WHAT YOU NEED TO DO:
Below this line are records; transcribe exactly the lines between the one holding "1 Acorn Court Iowa City IA 52246" and the one holding "Carousel Flats — Photo 17", inclusive, and omit the pictures.

RECORDS PROVIDED:
---*---
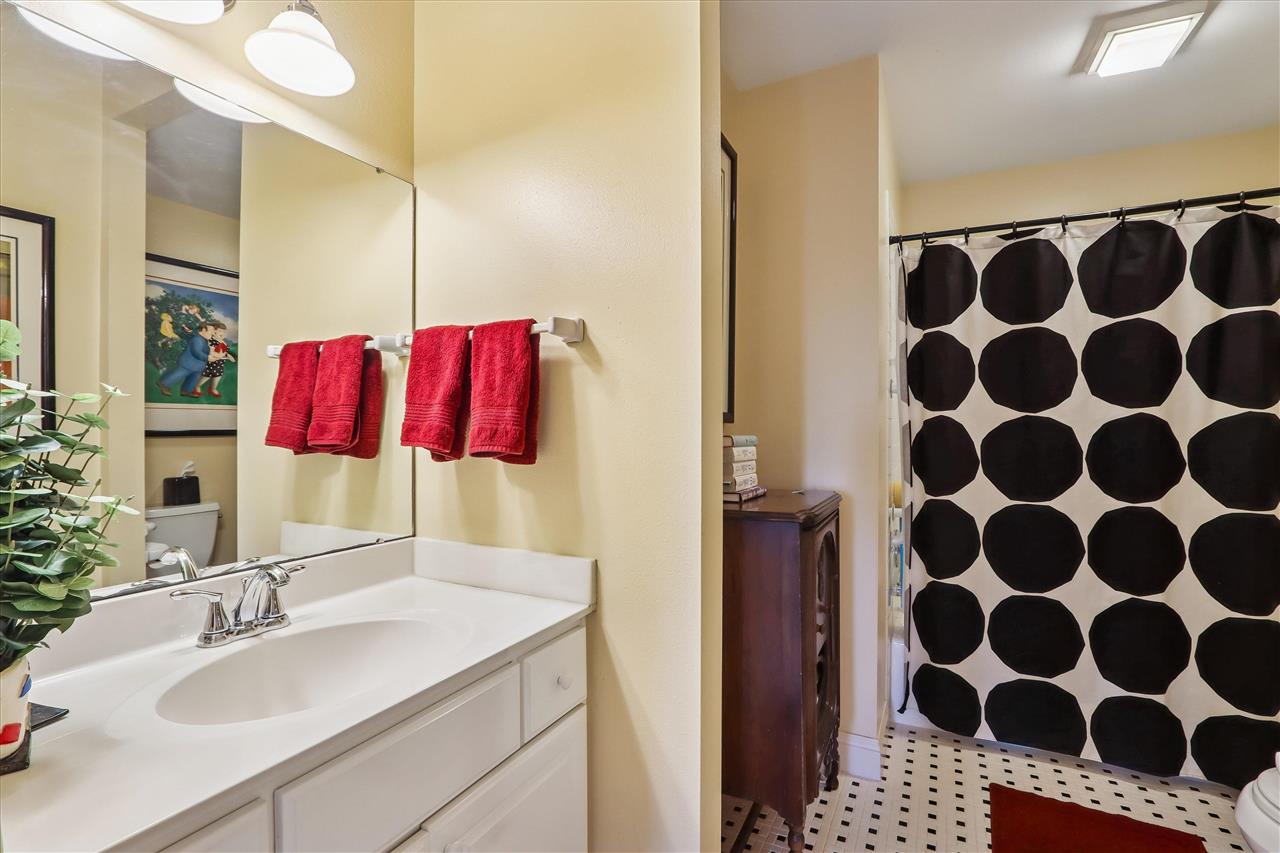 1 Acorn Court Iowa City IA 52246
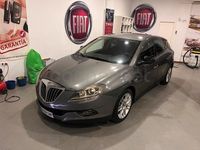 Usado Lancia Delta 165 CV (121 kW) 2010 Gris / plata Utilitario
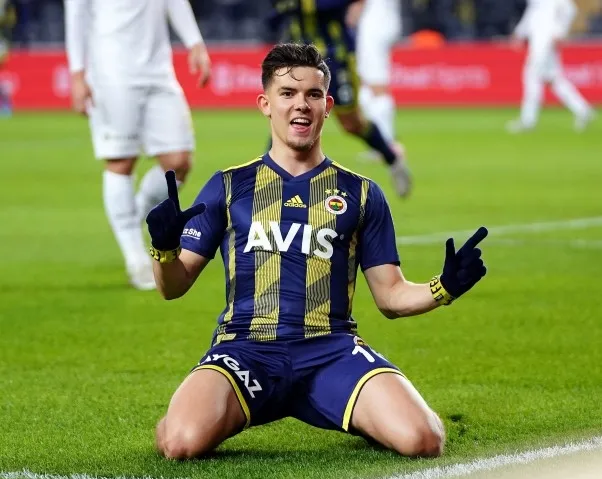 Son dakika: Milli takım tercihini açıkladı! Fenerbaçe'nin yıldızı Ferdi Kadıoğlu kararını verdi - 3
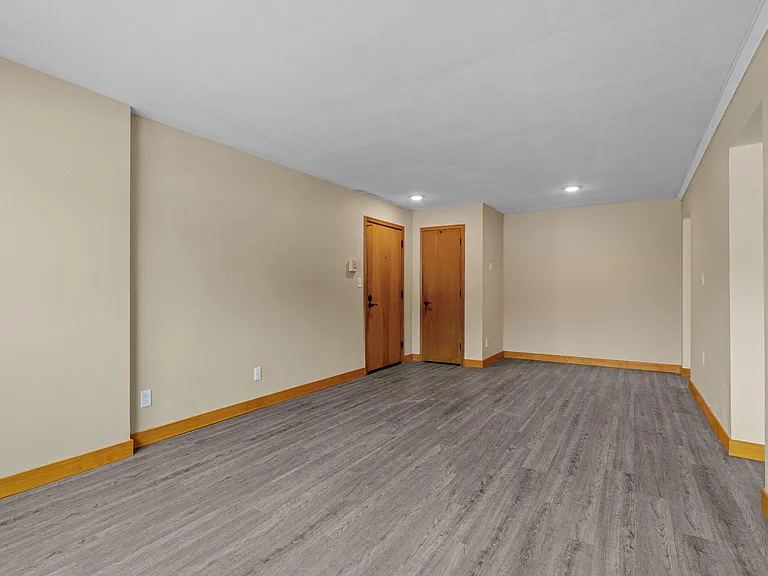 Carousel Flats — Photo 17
---*---
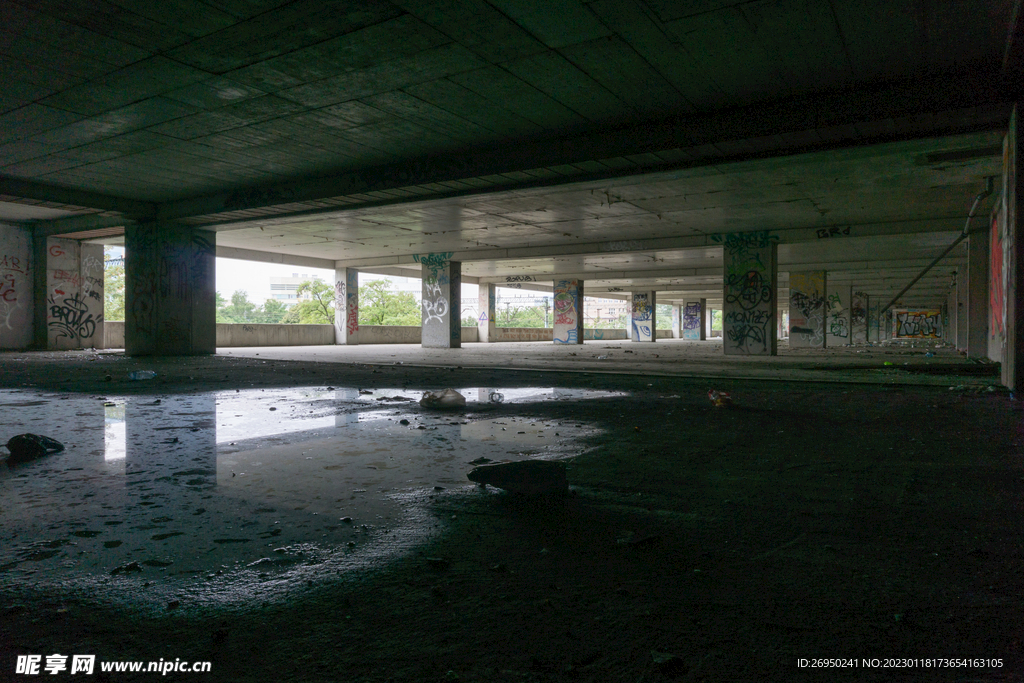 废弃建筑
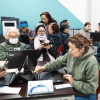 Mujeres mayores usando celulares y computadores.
---*---
SOLUTION FOR THIS EXERCISE:
 1 Acorn Court Iowa City IA 52246
 Usado Lancia Delta 165 CV (121 kW) 2010 Gris / plata Utilitario
 Son dakika: Milli takım tercihini açıkladı! Fenerbaçe'nin yıldızı Ferdi Kadıoğlu kararını verdi - 3
 Carousel Flats — Photo 17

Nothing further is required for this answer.